----- Extracted information
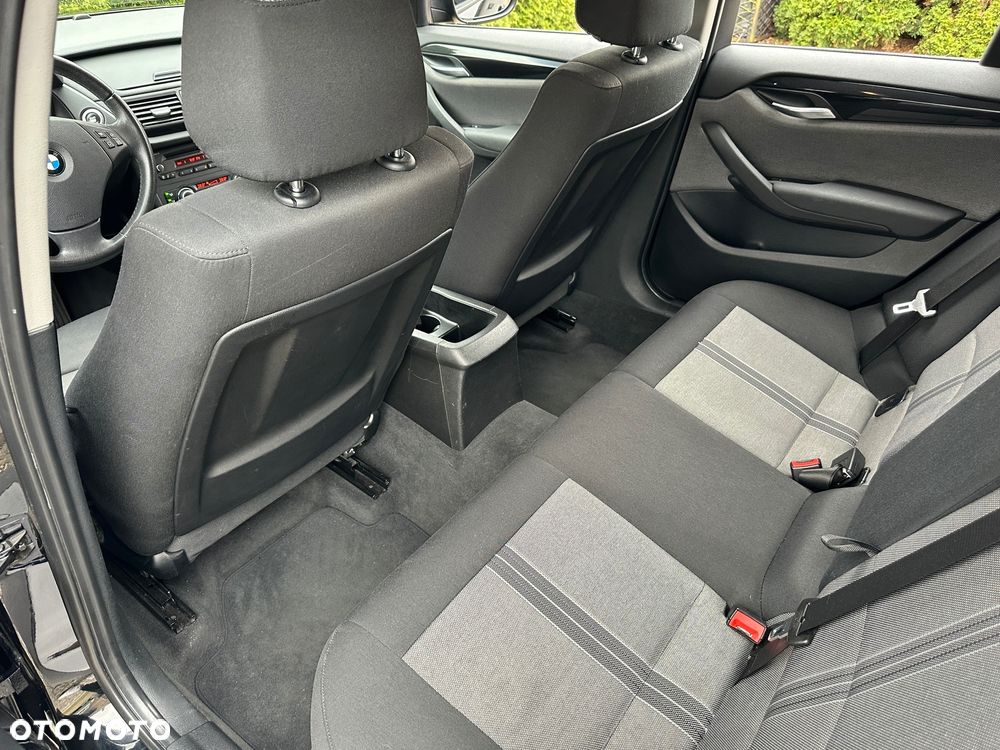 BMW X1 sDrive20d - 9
----------
----- Extracted information
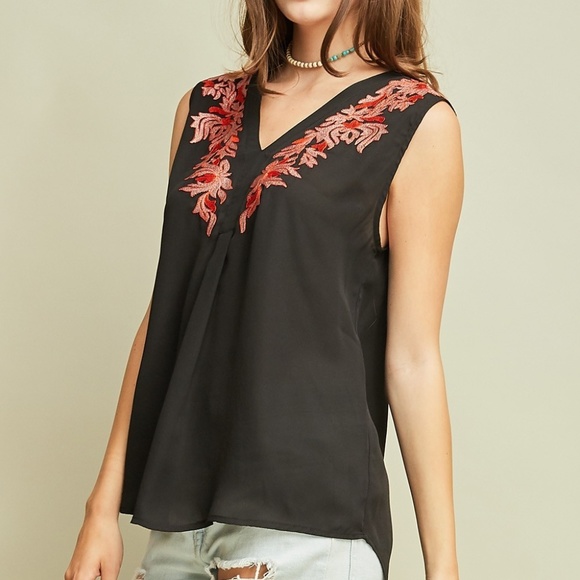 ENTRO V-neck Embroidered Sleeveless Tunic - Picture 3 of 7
----------
----- Extracted information
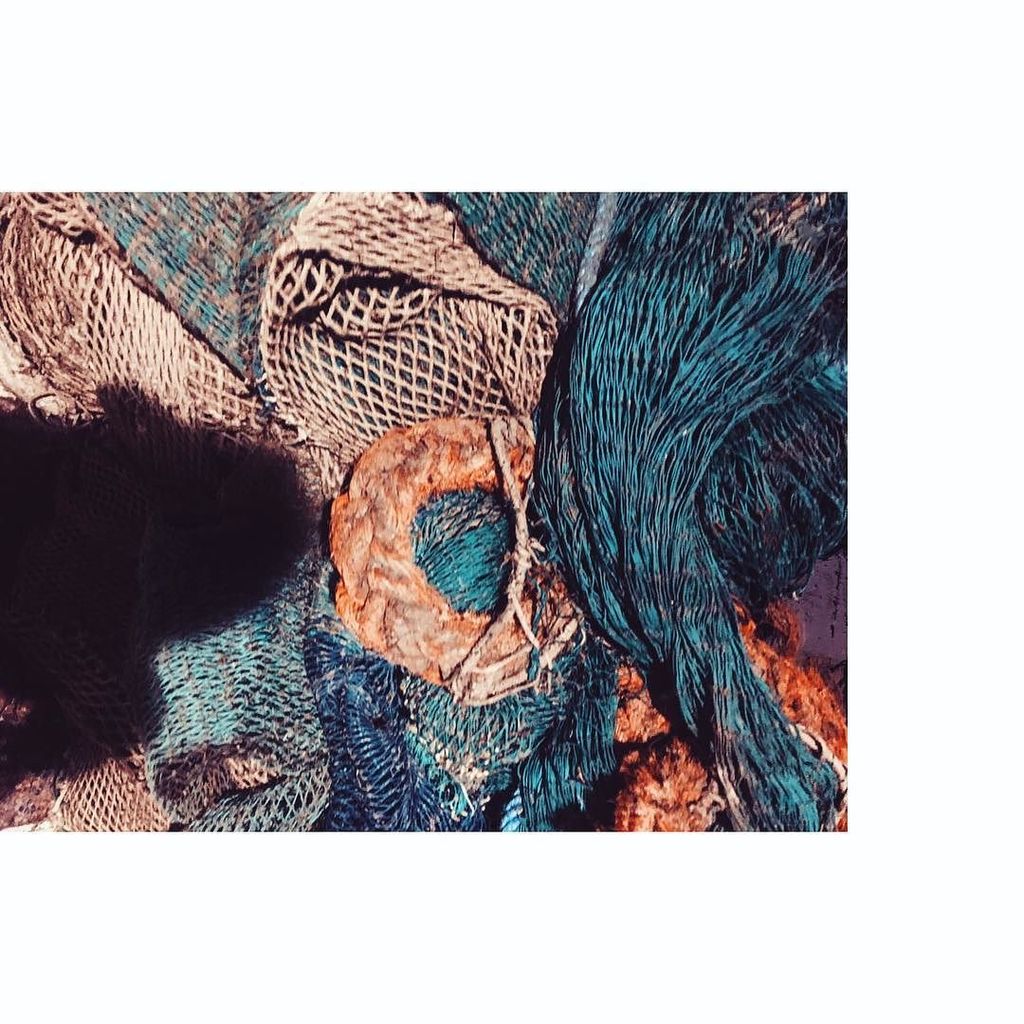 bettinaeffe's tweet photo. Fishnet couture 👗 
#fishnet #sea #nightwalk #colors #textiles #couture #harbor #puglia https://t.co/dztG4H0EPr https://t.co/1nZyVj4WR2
----------
Try it: In the listing above, find the line with "bettinaeffe's tweet photo." and the line with "#fishnet #sea #nightwalk". Copy exactly those two and every line between, without the pictures.

Solution for this exercise:
 bettinaeffe's tweet photo. Fishnet couture 👗 
#fishnet #sea #nightwalk #colors #textiles #couture #harbor #puglia https://t.co/dztG4H0EPr https://t.co/1nZyVj4WR2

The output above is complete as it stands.